C requires the digits 0 through 9 to be stored contiguously, in that order, in the execution character set. 48 is the ASCII value of '0', so, for instance:
'3' - 48 == 3
for any digit.
ASCII is not required for C, so better is:
'3' - '0'
because while 48 is right for ASCII, '0' is by definition right for any character set.
If address contains "456 ", then:
when i == 0 and number == 0, number * 10 + (address[0] - 48) equals 0 * 10 + 4, or 4.
when i == 1, number * 10 + (address[1] - 48) is 4 * 10 + 5, or 45.
when i == 2, number * 10 + (address[2] - 48) is 45 * 10 + 6, or 456
and you're done.
Never use gets(), it's dangerous, and isn't even part of C anymore.
In ASCII, the digit characters '0' through '9' occupy code points 48 through 57 (i hex, 0x30 through 0x39) so, to turn a digit character into a value, you just subtract 48.
As an aside, you should really subtract '0' since the standard doesn't guarantee ASCII, though it does guarantee that the digit characters are contiguous and ordered. C under z/OS, for example, uses EBCDIC which places the digits at code points 0xf0 through 0xf9.
The loop itself is a simple shift-and-add type, to create a number from multiple digit characters. Say you have the string "123", and number is initially zero.
You multiply number (zero) by ten to get zero then add digit character '1' (49) and subtract 48. This gives you one.
You then multiply number (one) by ten to get ten and add digit character '2' (50), again subtracting 48. This gives you twelve.
Finally, you multiply number (twelve) by ten to get a hundred and twenty then add digit character '3' (51) and subtract 48. This gives you a hundred and twenty three.
There are better ways to do this in the C standard library, atoi or the more robust strtol-type functions, all found in stdlib.h.
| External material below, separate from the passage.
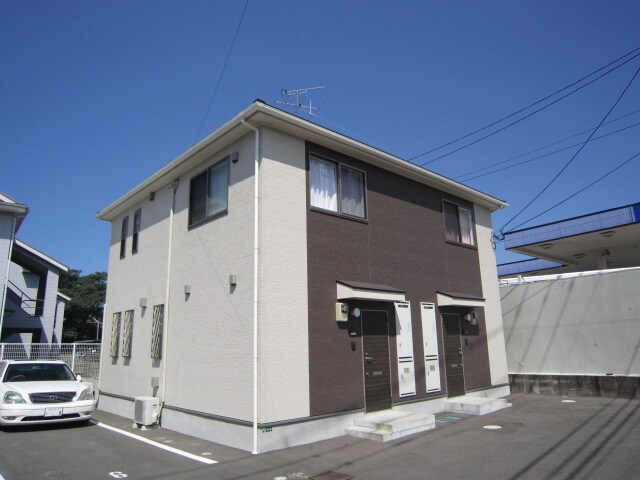 物件外観写真1　(外観写真)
The latter allow you to better detect if there was "rubbish" at the end of the number, for assistance with validation (atoi cannot tell the difference between 123 and 123xyzzy).
And, as yet another aside, you should avoid gets() like the plague. It, like the "naked" scanf("%s"), is not suitable for user input, and opens your code to buffer overflow problems. In fact, unlike scanf(), there is no safe way to use gets(), which is undoubtedly why it has been removed from C11, the latest standard. A more robust user input function can be found here.
There's also a large class of addresses for which that code will fail miserably, such as:
3/28 Tivoli Rd
57a Smith Street
Flat 2, 12 Xyzzy Lane